When he opened The Land & Water Co. in Carlsbad with the promise of doing hyper-sustainable sushi, more people scoffed. Customers want their bluefin and their salmon, they said, and won’t pay for less-sexy, sustainable alternatives. When he tried to save the endangered vaquita porpoise with a series of dinners, people said it was cute (like the porpoise). When the Blue Marine Foundation flew him to London to accept an Ocean Award next to Pharrell Williams (who was getting an award for turning discarded fishing nets into clothing), people laughed less.
When sushi fans started lining up at the door to Land & Water on weekend nights, only a few chucklers remained.
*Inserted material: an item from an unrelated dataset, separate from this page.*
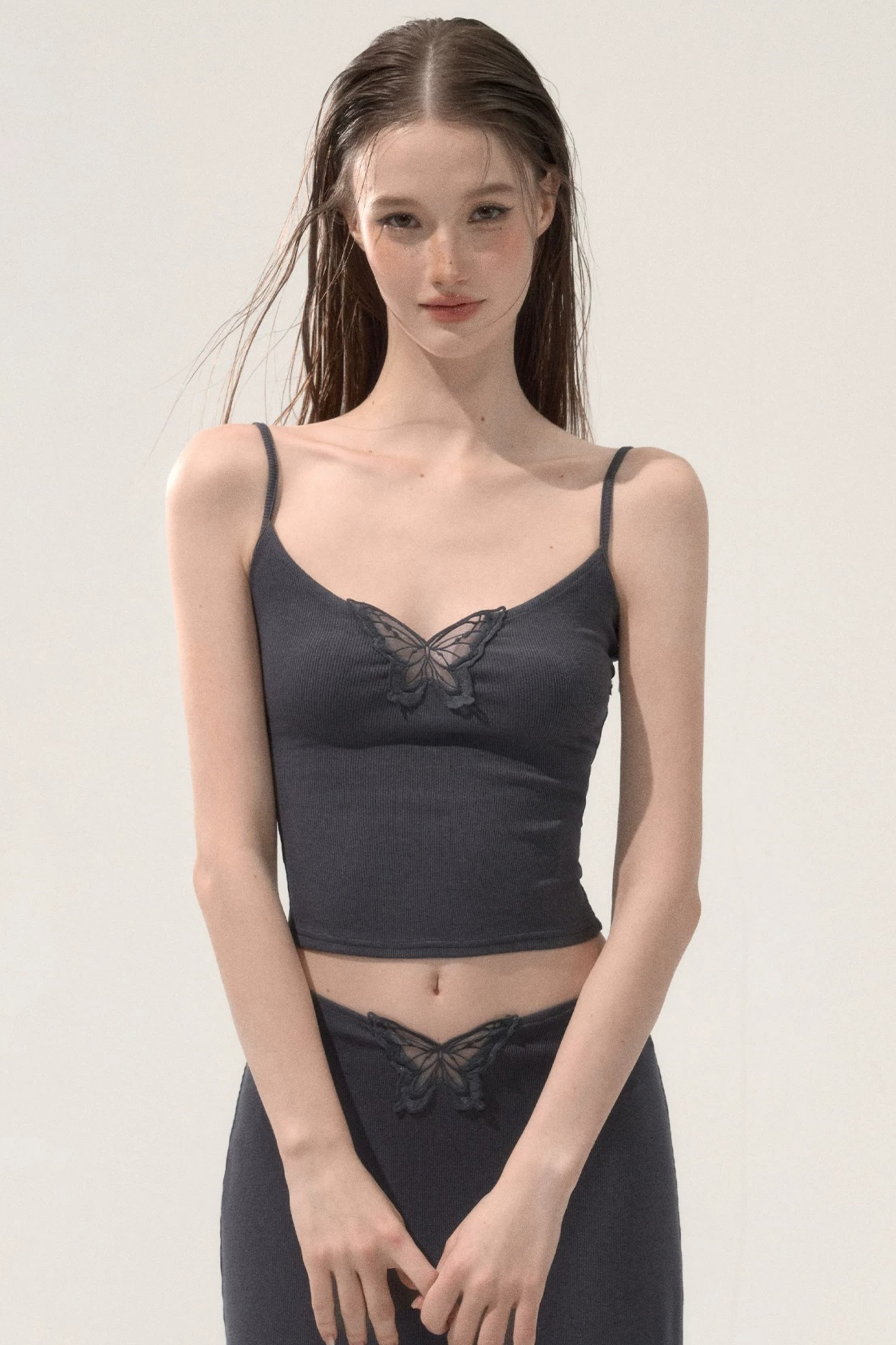 Butterfly Embroidery Camisole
And when he became recognized as one of the most sustainable sushi chefs in the US, with a direct line to the world’s foremost sustainable seafood organizations like Scripps Institution of Oceanography, the NOAA, and Monterey Bay Aquarium, the laughs died.
"I’ve had tons of chefs who want to work with us and learn how to be sustainable," he says. "They’ll come in for about 45 minutes, then they’ll stop and grab their knives and say, ‘No one wants to work this hard; you guys are nuts.’ And they’ll leave."
It’s true. To reach the levels of sustainability not seen before, Ruiz and his staff at Land & Water work to the bone. They arrive four hours earlier than most kitchen staffs. They peel the daikons by hand, compost the skins in four giant bins out back, then pickle the cores and compost the seeds. They buy Del Pacifico shrimp (fished from ultra-sustainable boats called pangas) and peel them by hand. The shrimp goes into the sushi rolls. The shells get roasted and go into stock. Then they compost the leftovers of the stock.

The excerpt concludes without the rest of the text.